# Mini challenge - NPM3D

## Imports

In [1]:
from datetime import datetime

import numpy as np
from lightgbm import LGBMClassifier
from sklearn.ensemble import RandomForestClassifier
from sklearn.metrics import jaccard_score, ConfusionMatrixDisplay, accuracy_score
from xgboost import XGBClassifier

from src import FeaturesExtractor, timeit, checkpoint

In [2]:
# paths of the training and test files
training_path = "./data/training"
test_path = "./data/test"

In [3]:
features_extractor = FeaturesExtractor()

## Pipelines

In [4]:
@timeit
def save_prediction(
    clf,
    test_path: str,
    file_path: str = f"submissions/feat-{datetime.now().strftime('%Y_%m_%d-%H_%M')}.txt",
):
    timer = checkpoint()
    test_features = features_extractor.extract_features_no_label(test_path)
    timer("Time spent computing test features")

    predictions = clf.predict(test_features)
    timer("Time spent on test prediction")

    assert predictions.shape[0] == 3079187, "Incorrect number of predictions"

    np.savetxt(
        file_path,
        predictions,
        fmt="%d",
    )
    timer(f"Time spent writing results on {file_path}")

In [5]:
@timeit
def test(clf, test_features: np.ndarray, test_labels: np.ndarray) -> None:
    prediction = clf.predict(test_features)
    print(f"Accuracy:      {accuracy_score(test_labels, prediction):.4f}")
    print(
        f"Jaccard score: {jaccard_score(test_labels, prediction, average='micro')}:.4f"
    )
    ConfusionMatrixDisplay.from_predictions(test_labels, prediction)

## Model selection

In [6]:
def choose_model(model_name: str):
    if model_name == "sklearn":
        return RandomForestClassifier()
    elif model_name == "lgbm":
        return LGBMClassifier()
    elif model_name == "xgboost":
        return XGBClassifier()
    else:
        raise ValueError("Incorrect model name passed")

In [7]:
model = "lgbm"  # @param
clf = choose_model(model)

## Experiments

In [8]:
%%time
(
    train_features,
    train_labels,
    test_features,
    test_labels,
) = features_extractor.extract_features(training_path, "MiniLille1.ply")

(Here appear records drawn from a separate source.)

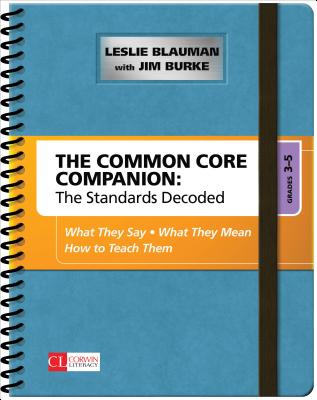 The Common Core Companion: The Standards Decoded, Grades 3-5: What They Say, What They Mean, How to Teach Them (Corwin Literacy)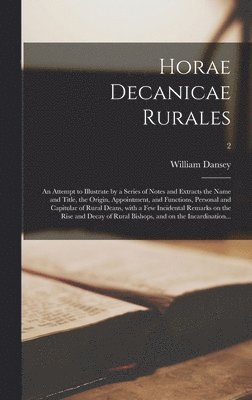 Horae Decanicae Rurales; an Attempt to Illustrate by a Series of Notes and Extracts the Name and Title, the Origin, Appointment, and Functions, Personal and Capitular of Rural Deans, With a Few 1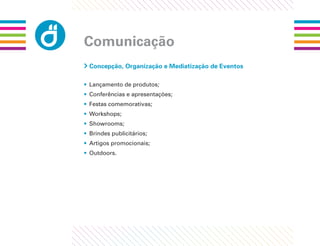 Comunicação
 Concepção, Organização e Mediatização de Eventos

• Lançamento de produtos;
• Conferências e apresentações;
• Festas comemorativas;
• Workshops;
• Showrooms;
• Brindes publicitários;
• Artigos promocionais;
• Outdoors.
 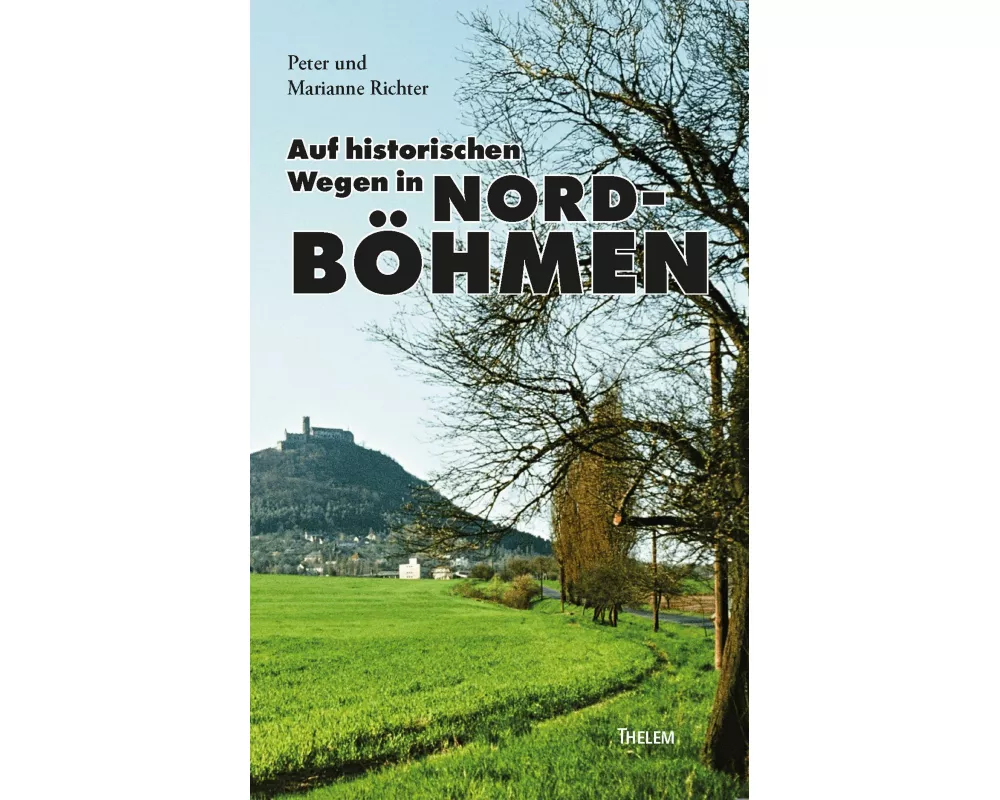 Auf historischen Wegen in Nordböhmen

Function subsample_point_cloud took 73.49 seconds
1210261 elements available for class Ground
1071599 elements available for class Building
24787 elements available for class Poles
32396 elements available for class Pedestrians
50468 elements available for class Cars
1455156 elements available for class Vegetation
Function compute_features took 5.42 seconds
Function subsample_point_cloud took 29.77 seconds
767722 elements available for class Ground
864939 elements available for class Building
5532 elements available for class Poles
0 elements available for class Pedestrians
114237 elements available for class Cars
104182 elements available for class Vegetation
Function compute_features took 2.50 seconds
Function subsample_point_cloud took 41.09 seconds
1074040 elements available for class Ground
1000935 elements available for class Building
13094 elements available for class Poles
0 elements available for class Pedestrians
96132 elements available for class Cars
261365 elements availab

In [9]:
%%time
clf.fit(train_features, train_labels)

CPU times: user 5.33 s, sys: 1.11 s, total: 6.44 s
Wall time: 3.02 s


In [None]:
test(test_features, test_labels)

In [None]:
save_prediction(clf, test_path)

Function subsample_point_cloud took 50.61 seconds


Remove ground and perform region growing + majority vote (class importance in vote can be learning).